Typically (since our gatherings at Bloom are in the evenings) on Sunday afternoon, after all my preaching preparation is done, I’ll try to grab one final hour alone to process through what’s about to happen, wrestle with the text a bit more, pray, etc etc.  Those are good, centering hours.

Yesterday I found myself journaling as I prepared my heart to preach.  It is good, I think, sometimes to step back and ask all the questions all over again.  I find that in the midst of the weekly pressure of “Sunday’s comin”, it is easy to lose touch with one’s deepest passion and ideals.  We humans depend on remembrance for our very lives.

So I journaled through what I think are some primary questions for the spiritual formation of preachers.  After writing them, I thought they may be useful reflections for others who labor in the “ministry of the word” as it is called.  So I offer them to you who weekly serve God’s people with your speech.  Be blessed, and encouraged.  What you do matters.

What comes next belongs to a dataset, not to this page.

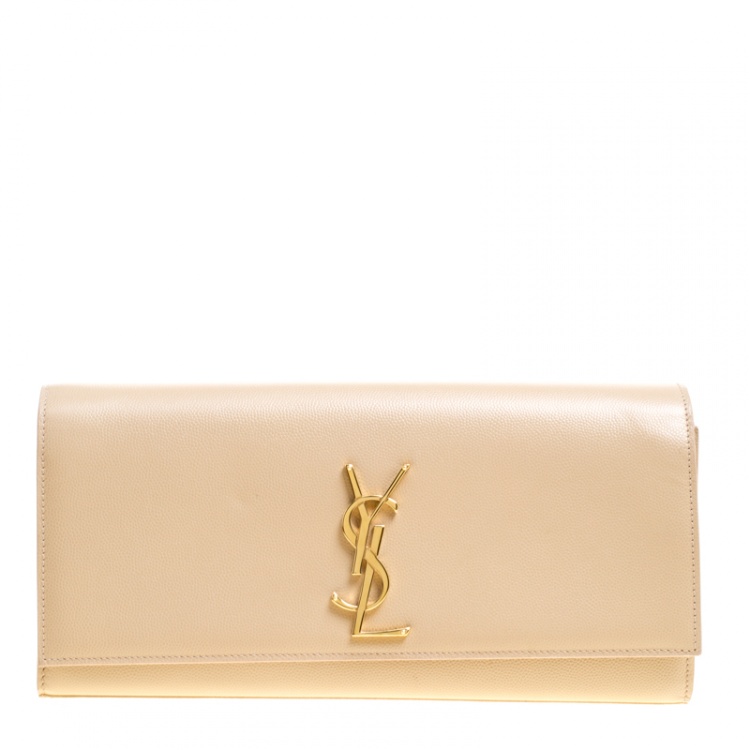 Pre Owned Saint Laurent Light Beige Leather Cassandre Clutch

Why do I preach?  Why am I a preacher?

One doesn’t, I think, choose this so much as one is chosen by it.  I preach because I cannot do otherwise.  I preach because this God has grabbed me by the heart and yanked me–continually yanks me, sometimes against my will–into it.  I preach because I feel, right or wrong, that to walk away from this would be to walk away from God.  He burns in me.  It burns in me–“it” being God’s speech, his word, his heart, for his people.  I feel, I really feel, his pain and passion.  I have to speak.  I cannot do otherwise.

What is preaching?

To preach is to open a window to a new world.  Modern life presents to us a very narrow range of possibilities for being a human.  The text on the other hand invites us into a vast and variegated range of potentialities for living life in deep, profound, beautiful, life-giving ways.  It beckons us to imagine that death is not the final word (in spite of much evidence to the contrary), that justice will win the day (in spite of much evidence to the contrary), and that there is a Holy Presence at the center of life that lights all things up with love (in spite of much evidence to the contrary).  Preaching is standing between the people and the text, allowing it to be such a window, and saying to them, “Have a look.”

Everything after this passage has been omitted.